One big mistake people make is they read old stories and they interpret them in the light of our modern environment. Gygax would never have allowed PCs to create content on the fly while adventuring.
This, as I've pointed out, just isn't true and I have already provided a counter-example. He allowed the Balrog to invent The Balrog Times as a plausible lie, and the idea they used flash photography. Because it was fun.
Claiming Gygax would never have done something that someone who was there says he actually
did doesn't help your cause at all. And Arneson did not ask Major Wellesly if he could take a CIA badge with him into Braunstein. He just did it.
It is different. I'm not going to say the Forge invented the new way. I never said that. I think the new way arose in home games likely not super long after D&D was invented by people who had a bent to go that way.
A new way
did arise in home games not super long after D&D was invented. The new way was that you must stick to the pre-established rules and background rather than "we made up some




we thought would be fun". And this new way came to dominate the hobby. Because it's what the books said to do.
In time, those who where successful at running those kinds of games introduced the idea. I do not know exactly when but I doubt it was as late as the nineties.
The idea was introduced in Braunstein. The game that inspired D&D. By Arneson before Gygax even started to get involved with D&D.
I played D&D all through the 80's and read many dragon magazines and I can assure you that style of play was not on most people's minds.
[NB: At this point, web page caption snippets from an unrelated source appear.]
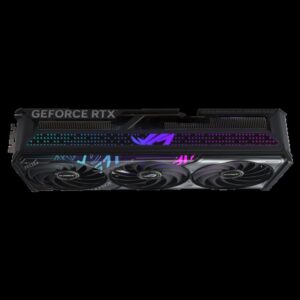 ASUS ROG -STRIX-RTX5070TI-O16G-GAMING NVIDIA GeForce RTX 5070 Ti 16 GB GDDR7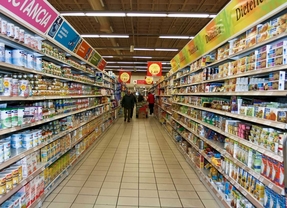 El IPC de la Comunidad de Madrid sube un 0,2% en agosto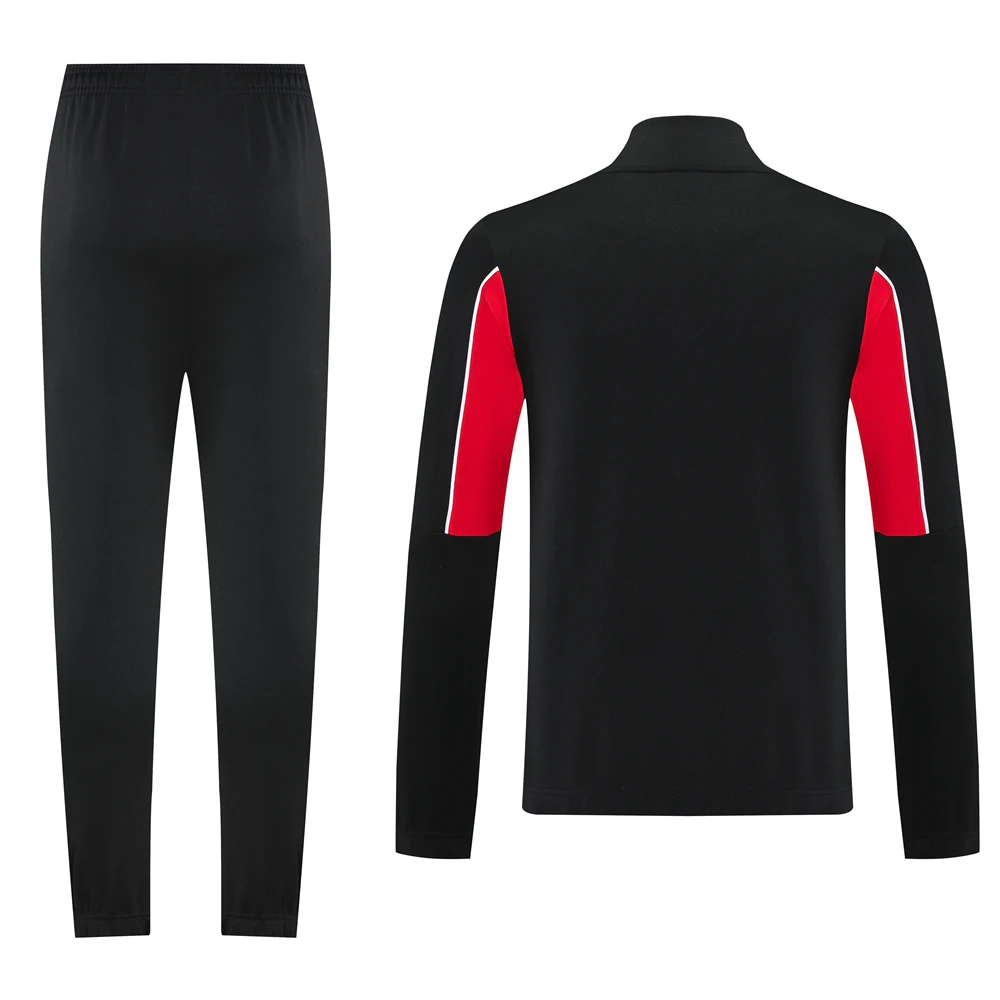 Trikot 2025 2026 - AC Mailand Trainingsanzug | trikotfussballshop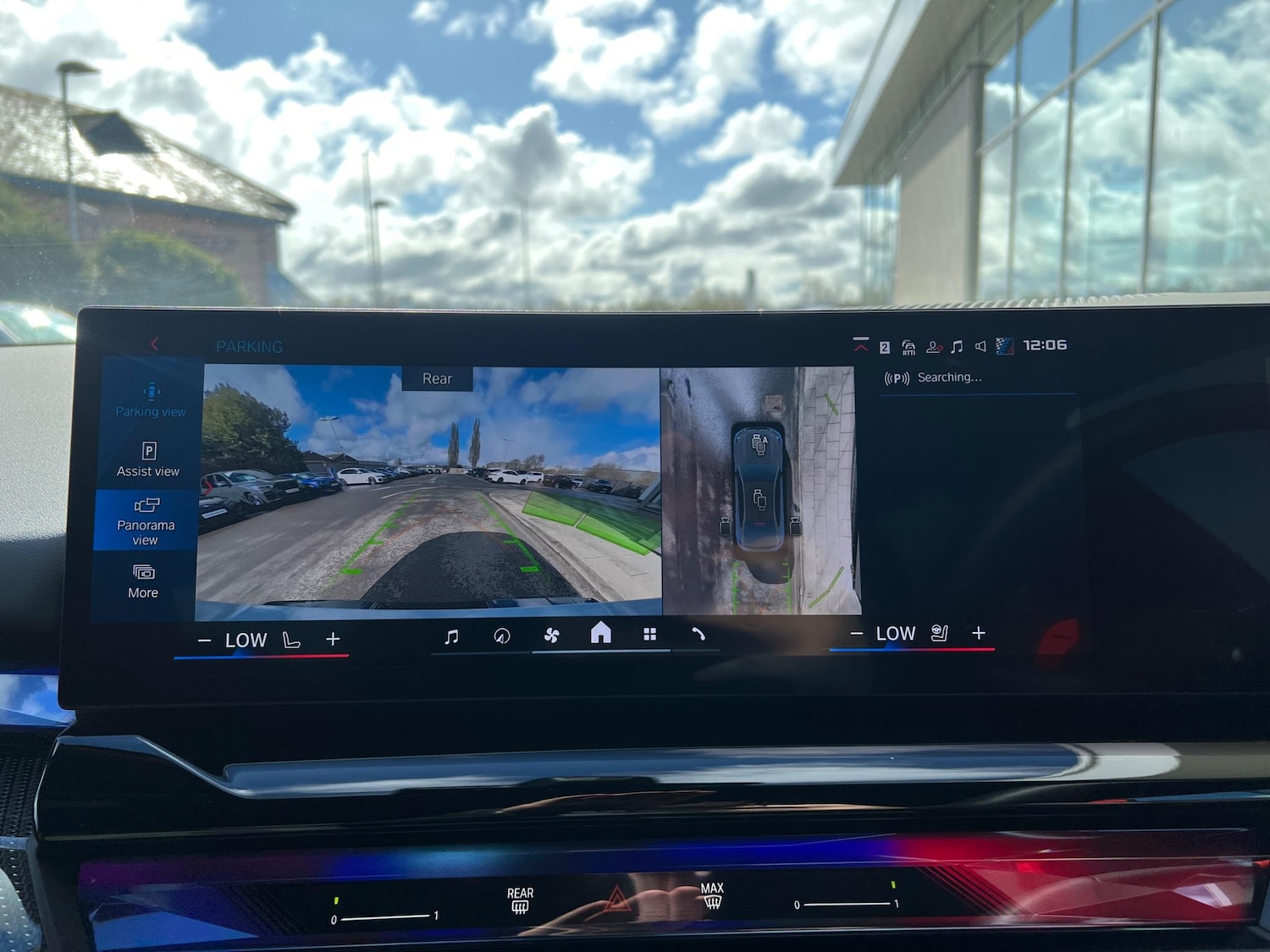 Used BMW M5 2024 for sale - 76551854: Photo 24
Indeed it wasn't on most peoples' minds. It happened in Lake Geneva - but the game Gygax played was not the game he published. And people who followed the
published game (especially AD&D) were given dense books full of tables and rules saying the way things must be. And most people who wanted to make their own stuff up either stuck to oD&D, B/X, BECMI. or the Rules Cyclopaedia.
And that is too bad because some of them would have been happy with the new approach and would have stopped sabotaging the more traditional games with their whining and rules lawyering.
Rules lawyering is a consequence of detail heavy games that people haven't been careful when writing. (AD&D is very bad for this, so is the World of Darkness).
As for the rest, had D&D made more explicit its roots in the
Freeform LARP (even if that term hadn't been invented) that was Braunstein it would have made more people happy, yes.